Are there reserved/unused tokens for developers?

Question

Are there reserved/unused tokens for developers?

Qubitium opened this issue 4 months ago · comments

Due to BPE vocabulary unable to dynamically expand after training, for finetuning, some BPE tokenizer based models such as Qwen reserved 2k extra unused tokens at the end for developers to use as they see fit.

Does Gemma have a list of internally unused tokens?

Sometimes model makers resize a vocab to a nice gpu-friendly multiple which creates unused tokens or intentially leave some unused tokens such as Qwen.

Surya Bhupatiraju · Answer 1 · Wed Mar 06 2024 00:00:13 GMT+0800 (China Standard Time)

Yes, there are! If you iterate through the vocab, you should find some <unusedXX> tokens. They weren't used for training, but can be used for any other purpose. I think there's around 90 or so of these tokens, let us know if this helps.

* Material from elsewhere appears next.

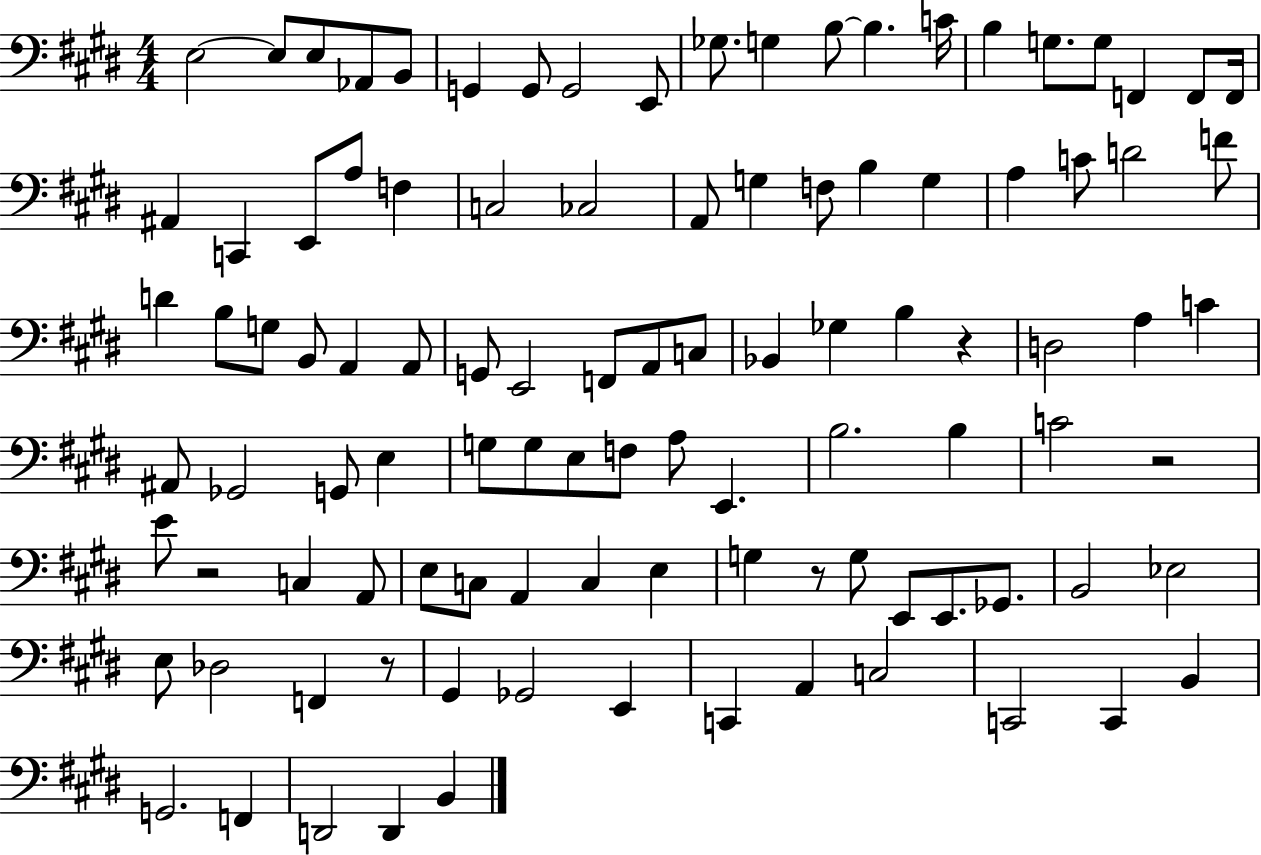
E3/h E3/e E3/e Ab2/e B2/e G2/q G2/e G2/h E2/e Gb3/e. G3/q B3/e B3/q. C4/s B3/q G3/e. G3/e F2/q F2/e F2/s A#2/q C2/q E2/e A3/e F3/q C3/h CES3/h A2/e G3/q F3/e B3/q G3/q A3/q C4/e D4/h F4/e D4/q B3/e G3/e B2/e A2/q A2/e G2/e E2/h F2/e A2/e C3/e Bb2/q Gb3/q B3/q R/q D3/h A3/q C4/q A#2/e Gb2/h G2/e E3/q G3/e G3/e E3/e F3/e A3/e E2/q. B3/h. B3/q C4/h R/h E4/e R/h C3/q A2/e E3/e C3/e A2/q C3/q E3/q G3/q R/e G3/e E2/e E2/e. Gb2/e. B2/h Eb3/h E3/e Db3/h F2/q R/e G#2/q Gb2/h E2/q C2/q A2/q C3/h C2/h C2/q B2/q G2/h. F2/q D2/h D2/q B2/q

Qubitium · Answer 2 · Thu Mar 07 2024 02:24:06 GMT+0800 (China Standard Time)

Thank you! Exactly what we are looking for.

Hrushikesh Pawar · Answer 3 · Thu May 09 2024 18:10:48 GMT+0800 (China Standard Time)

Are there any pointers or guidelines on how we can make use of these <unusedXX> tokens?
How can one make use of them while finetuning?